A wooden racing boat for six-oared rowing that is quick to build and as elegantly proportioned as the traditional Cornish Pilot Gig hulls.
After their success racing their Northeaster Dory, the Whitby Fisherman's Amateur Rowing Club approached us to provide a kit for a stitch-and-glue rendition of a traditional Cornish pilot gig. We asked Chesapeake Light Craft to design the boat using their LapStitch™ system for quick and strong clinker-style boat construction.
The rowing club will be racing the six-oared boat against traditional pilot gigs. The design of these fast rowing boats dates well back into the 19th century; the Whitby pilot gig is based on the lines of Treffry, built in 1838 and used as the standard measurement for traditional construction of new racing gigs.
No one had ever tried to make a stitch-and-glue Cornish pilot gig before and at 32 feet long it's certainly among the largest quick-assembly stitch-and-glue projects out there. Very little in the way of a mould is needed, just a few female cradles during the hull assembly operation. Ten structural bulkheads add great stiffness to the hull and support a variety of fixed rowing seat geometries, depending on the racing ambitions of the crew.
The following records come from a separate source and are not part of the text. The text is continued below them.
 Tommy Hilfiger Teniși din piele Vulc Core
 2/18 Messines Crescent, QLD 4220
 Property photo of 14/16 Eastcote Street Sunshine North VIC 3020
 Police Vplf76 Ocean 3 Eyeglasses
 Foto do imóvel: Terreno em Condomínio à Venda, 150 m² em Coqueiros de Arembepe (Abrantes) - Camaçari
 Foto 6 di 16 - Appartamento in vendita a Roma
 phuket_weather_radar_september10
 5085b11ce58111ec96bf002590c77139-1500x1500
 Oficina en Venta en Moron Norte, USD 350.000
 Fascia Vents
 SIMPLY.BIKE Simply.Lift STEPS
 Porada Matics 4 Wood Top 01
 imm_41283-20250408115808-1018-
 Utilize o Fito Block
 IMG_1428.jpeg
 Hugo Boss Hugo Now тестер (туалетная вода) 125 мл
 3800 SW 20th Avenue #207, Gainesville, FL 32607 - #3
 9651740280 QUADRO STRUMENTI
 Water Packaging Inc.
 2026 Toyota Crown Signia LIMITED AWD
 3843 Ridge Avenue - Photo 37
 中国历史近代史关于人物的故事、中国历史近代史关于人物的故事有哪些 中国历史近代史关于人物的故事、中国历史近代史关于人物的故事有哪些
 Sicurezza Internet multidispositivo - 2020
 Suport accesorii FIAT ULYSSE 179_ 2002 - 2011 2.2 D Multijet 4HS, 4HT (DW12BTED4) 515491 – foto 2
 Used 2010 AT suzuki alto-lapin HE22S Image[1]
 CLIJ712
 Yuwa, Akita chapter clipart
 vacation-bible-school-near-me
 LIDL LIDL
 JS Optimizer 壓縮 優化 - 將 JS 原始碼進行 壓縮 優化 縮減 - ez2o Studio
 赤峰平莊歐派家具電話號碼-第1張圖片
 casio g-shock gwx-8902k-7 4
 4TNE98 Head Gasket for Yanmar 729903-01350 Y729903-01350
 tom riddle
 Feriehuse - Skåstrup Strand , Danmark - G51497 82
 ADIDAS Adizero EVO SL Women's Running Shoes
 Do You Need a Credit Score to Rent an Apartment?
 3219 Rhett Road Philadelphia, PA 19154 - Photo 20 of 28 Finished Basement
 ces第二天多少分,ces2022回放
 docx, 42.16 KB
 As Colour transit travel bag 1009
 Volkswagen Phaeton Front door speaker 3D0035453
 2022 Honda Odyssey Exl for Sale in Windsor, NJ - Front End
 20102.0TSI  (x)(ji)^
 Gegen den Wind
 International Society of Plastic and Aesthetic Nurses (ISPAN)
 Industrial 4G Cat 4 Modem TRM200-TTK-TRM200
The first hull went together very quickly and without difficulty. Starting from our CNC-cut wooden kit, initial hull assembly takes as little as three days.
The kit was very good, fitted together with no alterations. Stability was very good. The speeds vary depending on [seating] position, in some positions achieving 10 knots.
Whitby Fisherman's Amateur Rowing Club
In June 2015, the Whitby club won the twenty-mile New Waterloo Dispatch Race, which celebrated the 200th anniversary of the battle of Waterloo and the journey to deliver the news to London. After their own victory, the winning team from Whitby had the honour of recreating the landing of Major Harry Percy as he carried the news of Wellington's victory. Percy's ship was becalmed in the English Channel so he travelled twenty miles aboard a similar rowing gig to land in Kent.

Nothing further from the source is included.